Material for this exercise »
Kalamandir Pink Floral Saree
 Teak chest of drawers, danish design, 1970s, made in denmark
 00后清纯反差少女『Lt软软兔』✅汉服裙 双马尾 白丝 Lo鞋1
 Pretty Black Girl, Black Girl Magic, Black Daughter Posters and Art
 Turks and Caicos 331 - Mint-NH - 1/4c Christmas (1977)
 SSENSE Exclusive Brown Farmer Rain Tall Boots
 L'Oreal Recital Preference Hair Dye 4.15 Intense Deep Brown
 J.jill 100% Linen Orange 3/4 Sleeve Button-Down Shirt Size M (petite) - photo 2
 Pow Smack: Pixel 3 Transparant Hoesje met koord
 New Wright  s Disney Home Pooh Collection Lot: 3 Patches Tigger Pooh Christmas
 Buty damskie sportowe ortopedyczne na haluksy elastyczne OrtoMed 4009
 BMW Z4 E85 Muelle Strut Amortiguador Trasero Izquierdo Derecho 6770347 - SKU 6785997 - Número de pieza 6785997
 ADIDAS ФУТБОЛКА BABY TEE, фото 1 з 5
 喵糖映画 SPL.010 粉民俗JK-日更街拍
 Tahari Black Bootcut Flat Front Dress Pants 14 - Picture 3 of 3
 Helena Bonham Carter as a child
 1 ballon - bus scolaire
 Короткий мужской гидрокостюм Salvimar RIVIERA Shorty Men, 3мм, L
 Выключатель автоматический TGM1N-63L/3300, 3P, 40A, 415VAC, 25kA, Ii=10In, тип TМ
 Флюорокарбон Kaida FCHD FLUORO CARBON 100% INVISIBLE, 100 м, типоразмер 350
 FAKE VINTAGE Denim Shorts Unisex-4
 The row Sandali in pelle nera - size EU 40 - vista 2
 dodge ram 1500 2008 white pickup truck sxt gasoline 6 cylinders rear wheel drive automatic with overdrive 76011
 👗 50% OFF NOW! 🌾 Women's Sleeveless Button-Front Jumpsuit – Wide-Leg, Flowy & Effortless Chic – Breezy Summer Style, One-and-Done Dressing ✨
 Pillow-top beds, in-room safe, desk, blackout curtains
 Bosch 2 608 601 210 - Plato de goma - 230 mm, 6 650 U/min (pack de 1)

Exercise aim »
What lines of the data contain the string "Christmas"? List them.

Result »
 Turks and Caicos 331 - Mint-NH - 1/4c Christmas (1977)
 New Wright  s Disney Home Pooh Collection Lot: 3 Patches Tigger Pooh Christmas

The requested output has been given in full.